- Work order
Nothing but the lines from the one containing "Hey guys, Patrick" through the one containing "Welcome to the", both included, should be given again, each exactly as written below.

- Records provided
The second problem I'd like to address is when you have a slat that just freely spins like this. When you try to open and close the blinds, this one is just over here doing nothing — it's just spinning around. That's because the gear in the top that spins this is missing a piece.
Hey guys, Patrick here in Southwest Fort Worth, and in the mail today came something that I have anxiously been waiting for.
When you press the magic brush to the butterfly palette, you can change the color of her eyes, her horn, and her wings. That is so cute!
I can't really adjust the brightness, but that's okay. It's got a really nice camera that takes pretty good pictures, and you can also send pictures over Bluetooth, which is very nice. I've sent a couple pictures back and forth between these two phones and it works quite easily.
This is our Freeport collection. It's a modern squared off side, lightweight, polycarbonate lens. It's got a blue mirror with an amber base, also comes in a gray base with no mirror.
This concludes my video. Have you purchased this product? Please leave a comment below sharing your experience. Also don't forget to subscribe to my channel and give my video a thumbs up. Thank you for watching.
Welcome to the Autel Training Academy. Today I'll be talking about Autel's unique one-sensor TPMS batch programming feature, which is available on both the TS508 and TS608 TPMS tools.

---

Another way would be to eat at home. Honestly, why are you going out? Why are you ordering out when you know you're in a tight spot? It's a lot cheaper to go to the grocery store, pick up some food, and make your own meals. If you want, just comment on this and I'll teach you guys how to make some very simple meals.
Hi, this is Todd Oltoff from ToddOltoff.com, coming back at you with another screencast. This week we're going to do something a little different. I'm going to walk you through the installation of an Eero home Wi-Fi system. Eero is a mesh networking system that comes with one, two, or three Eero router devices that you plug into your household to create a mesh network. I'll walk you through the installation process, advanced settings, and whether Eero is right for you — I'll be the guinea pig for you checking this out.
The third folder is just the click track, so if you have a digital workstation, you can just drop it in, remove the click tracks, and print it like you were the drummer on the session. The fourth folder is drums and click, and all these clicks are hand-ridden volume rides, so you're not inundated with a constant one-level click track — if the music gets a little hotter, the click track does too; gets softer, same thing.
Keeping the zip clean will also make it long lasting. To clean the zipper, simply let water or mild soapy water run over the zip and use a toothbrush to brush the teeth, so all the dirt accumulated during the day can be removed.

- Solution to this task
Hey guys, Patrick here in Southwest Fort Worth, and in the mail today came something that I have anxiously been waiting for.
When you press the magic brush to the butterfly palette, you can change the color of her eyes, her horn, and her wings. That is so cute!
I can't really adjust the brightness, but that's okay. It's got a really nice camera that takes pretty good pictures, and you can also send pictures over Bluetooth, which is very nice. I've sent a couple pictures back and forth between these two phones and it works quite easily.
This is our Freeport collection. It's a modern squared off side, lightweight, polycarbonate lens. It's got a blue mirror with an amber base, also comes in a gray base with no mirror.
This concludes my video. Have you purchased this product? Please leave a comment below sharing your experience. Also don't forget to subscribe to my channel and give my video a thumbs up. Thank you for watching.
Welcome to the Autel Training Academy. Today I'll be talking about Autel's unique one-sensor TPMS batch programming feature, which is available on both the TS508 and TS608 TPMS tools.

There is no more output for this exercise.